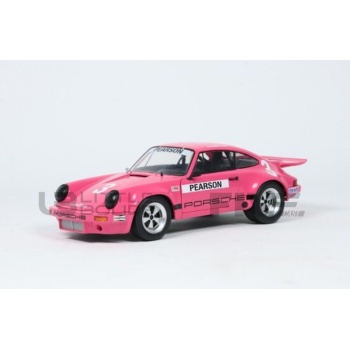SOLIDO 1/18 - PORSCHE 911 IROC - Daytona 1974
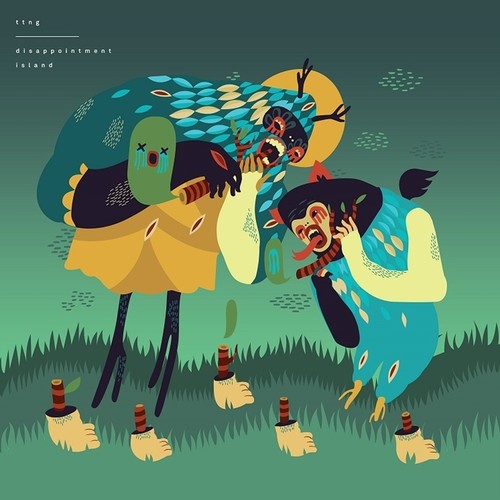 Ttng - Disappointment Island - Vinyl Record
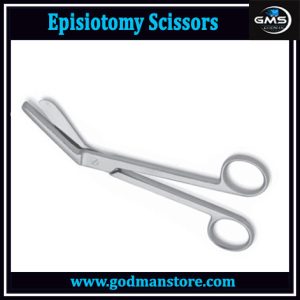 Episiotomy Scissors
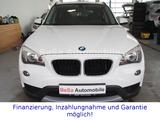 BMW X1 2.0L Facelift NAVI SHZ Scheckheft BMW! TOP! - BMW X1: Facelift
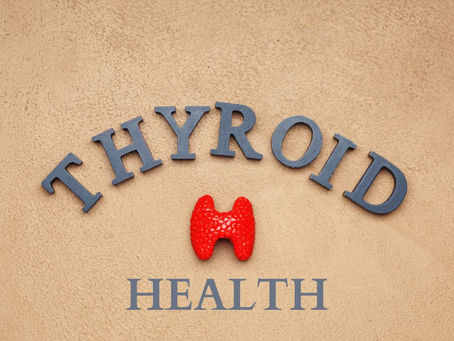 The Link Between Thyroid Health and Weight Management: Strategies for Success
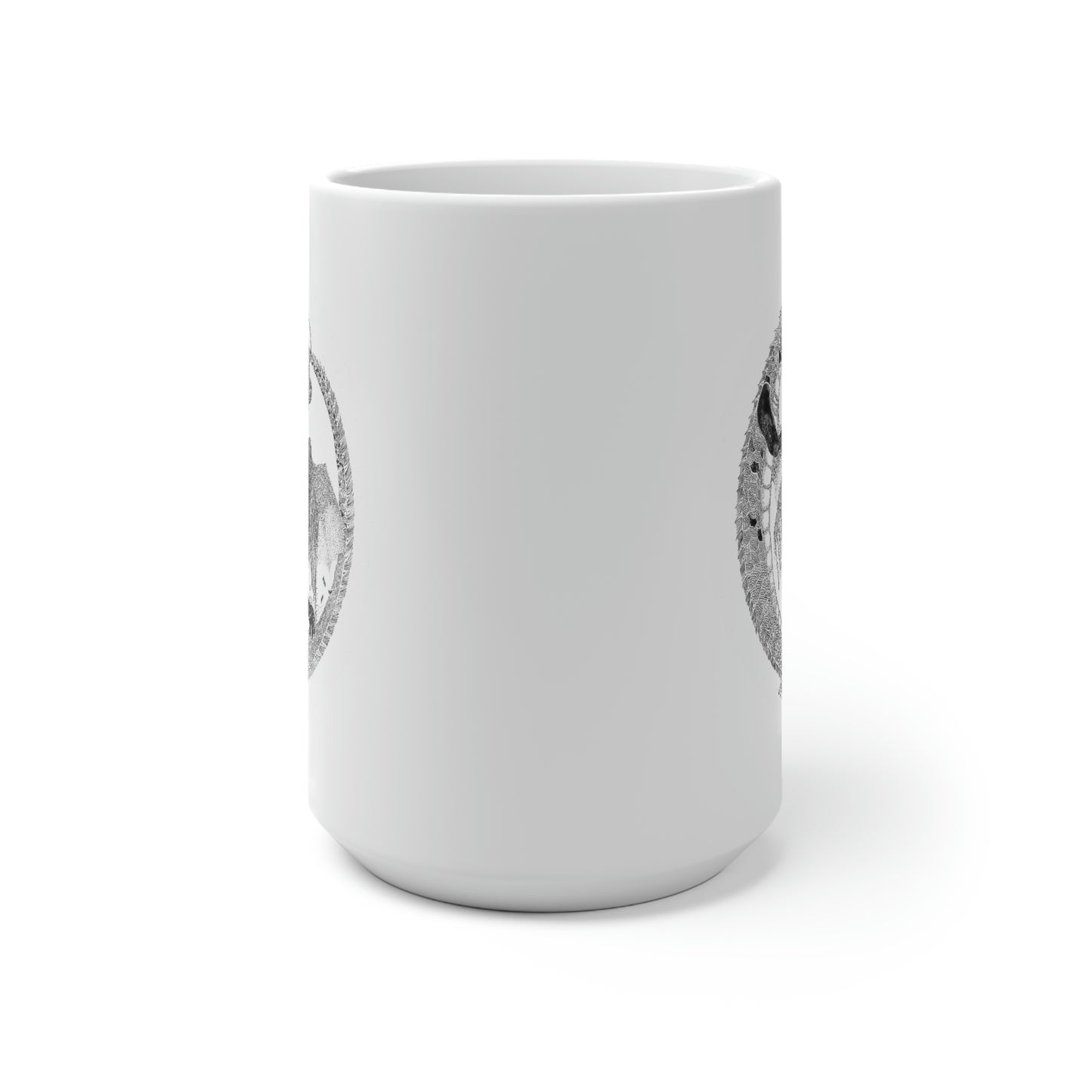 Chinese Zodiac Sign Color Changing Mug (Dragon) Limited Edition
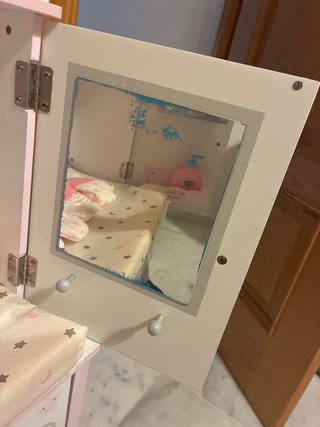 Mueble infantil Reborn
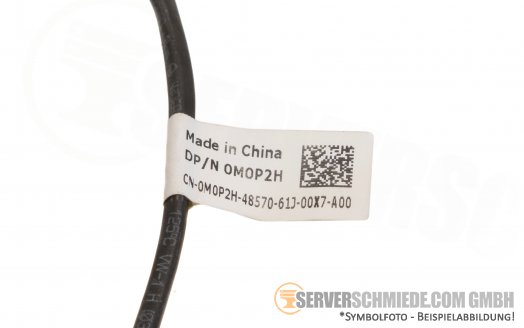 Dell 45cm Signalkabel 1x SATA  / Power 1x 30cm SATA 1x 30cm 4pin 0M0P2H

——

Your output should be the lines from the one with "Mueble infantil Reborn" through the end of the listing, copied exactly and with the pictures left out.

 Mueble infantil Reborn
 Dell 45cm Signalkabel 1x SATA  / Power 1x 30cm SATA 1x 30cm 4pin 0M0P2H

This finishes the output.